Politics, Space, Japan

Thursday, October 12, 2006

YouTube - eGroups Redux

The buzz around Google's acquisition of YouTube will die down soon. For now, I invite you to consider a precedent: Yahoo's acquisition of eGroups.

How could eGroups have been worth $432 million to Yahoo? That was about $25 per eGroup member--it would take a long time for Yahoo to recoup based on ad impressions. Well, eGroups wasn't worth that much--but I think both sides knew that going in. Yahoo bought eGroups for $432 million in Yahoo stock, which was considerably overvalued in June 2000 ($50-$60/share, down from a bubbly peak over $100). Yahoo is still overvalued, if you ask me, at P/E's of 45-50.

When I heard figures like $1.6 billion for YouTube, I figured it would be a stock-swap deal of some kind. After all, Google is also overvalued. And again, I think both sides know it. It was just lottery ticket swapping among friends. Google will never monopolize search, and thus it will never monopolize the ad-related revenue streams from search. Yes it does dominate search, and maybe it always will. But Intel dominates CPUs, and think of what we'd have to pay for CPU chips if it weren't for AMD, and the occasional "fabless" upstart that briefly (but signally) threatens what would otherwise be an Intel/AMD duopoly. Think: anti-trust. Tech is hardly immune from that. Right now, quite a few firms are focused on SEO and SEM, and improving bang-for-buck on ad impressions, and a lot of them focus solely on Google Adwords optimization. But price competition will enter when hypergrowth ends, and Google doesn't have a lock on this market. Portals are still strong. And the DoJ will still be in business when all other businesses today have succumbed to creative destruction.

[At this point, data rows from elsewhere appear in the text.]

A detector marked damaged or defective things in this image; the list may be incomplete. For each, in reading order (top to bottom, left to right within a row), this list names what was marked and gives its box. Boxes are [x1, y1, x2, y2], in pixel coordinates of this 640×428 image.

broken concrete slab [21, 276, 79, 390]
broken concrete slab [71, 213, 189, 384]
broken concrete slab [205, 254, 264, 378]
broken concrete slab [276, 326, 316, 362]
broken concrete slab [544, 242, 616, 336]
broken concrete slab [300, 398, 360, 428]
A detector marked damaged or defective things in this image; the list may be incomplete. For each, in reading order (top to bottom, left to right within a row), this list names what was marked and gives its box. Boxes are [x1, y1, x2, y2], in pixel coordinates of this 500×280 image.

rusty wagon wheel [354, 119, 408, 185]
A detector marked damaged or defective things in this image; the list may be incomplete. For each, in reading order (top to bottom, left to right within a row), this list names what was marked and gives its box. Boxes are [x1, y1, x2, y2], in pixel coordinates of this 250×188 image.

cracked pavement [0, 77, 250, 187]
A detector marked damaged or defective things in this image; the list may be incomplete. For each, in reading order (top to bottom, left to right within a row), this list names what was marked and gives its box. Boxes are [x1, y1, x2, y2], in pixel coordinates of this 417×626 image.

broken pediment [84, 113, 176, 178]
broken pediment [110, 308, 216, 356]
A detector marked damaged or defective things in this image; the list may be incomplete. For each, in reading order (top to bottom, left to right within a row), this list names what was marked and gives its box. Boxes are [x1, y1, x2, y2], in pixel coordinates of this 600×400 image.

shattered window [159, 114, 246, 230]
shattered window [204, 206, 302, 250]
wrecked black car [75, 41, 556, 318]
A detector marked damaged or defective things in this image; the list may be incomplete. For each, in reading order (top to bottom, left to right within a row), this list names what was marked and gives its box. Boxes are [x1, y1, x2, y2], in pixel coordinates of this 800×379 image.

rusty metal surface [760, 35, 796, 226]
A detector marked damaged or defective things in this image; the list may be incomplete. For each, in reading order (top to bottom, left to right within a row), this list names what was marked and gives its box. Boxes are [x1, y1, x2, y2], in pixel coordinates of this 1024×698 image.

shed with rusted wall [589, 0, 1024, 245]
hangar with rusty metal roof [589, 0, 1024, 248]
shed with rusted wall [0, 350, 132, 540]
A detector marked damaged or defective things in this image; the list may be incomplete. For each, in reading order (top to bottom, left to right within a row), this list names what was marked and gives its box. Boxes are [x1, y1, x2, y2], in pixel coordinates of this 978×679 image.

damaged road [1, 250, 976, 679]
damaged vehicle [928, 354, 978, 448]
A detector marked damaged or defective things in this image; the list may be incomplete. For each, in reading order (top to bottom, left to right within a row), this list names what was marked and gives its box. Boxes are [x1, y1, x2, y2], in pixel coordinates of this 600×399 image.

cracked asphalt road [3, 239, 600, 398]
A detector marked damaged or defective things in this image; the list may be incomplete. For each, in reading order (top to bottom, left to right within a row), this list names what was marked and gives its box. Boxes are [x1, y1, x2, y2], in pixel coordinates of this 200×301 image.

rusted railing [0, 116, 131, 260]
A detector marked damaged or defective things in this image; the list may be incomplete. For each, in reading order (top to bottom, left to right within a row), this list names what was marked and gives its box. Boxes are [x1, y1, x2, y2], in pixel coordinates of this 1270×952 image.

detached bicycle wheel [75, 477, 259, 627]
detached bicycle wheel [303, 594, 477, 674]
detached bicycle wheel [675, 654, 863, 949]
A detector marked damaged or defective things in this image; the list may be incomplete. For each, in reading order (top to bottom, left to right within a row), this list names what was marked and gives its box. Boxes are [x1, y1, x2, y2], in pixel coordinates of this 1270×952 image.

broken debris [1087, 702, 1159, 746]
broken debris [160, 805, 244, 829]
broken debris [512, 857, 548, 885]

P/Es will eventually go below historical norms as the Baby Boom retires. Google earnings will eventually be cut by price competition as online advertising matures. YouTube might be a copyright litigation tarpit, or it might be the future of television. But even if YouTube is the future of television, that doesn't mean it will ever be as profitable as television was at its peak, nor does it mean that it will be the only television network.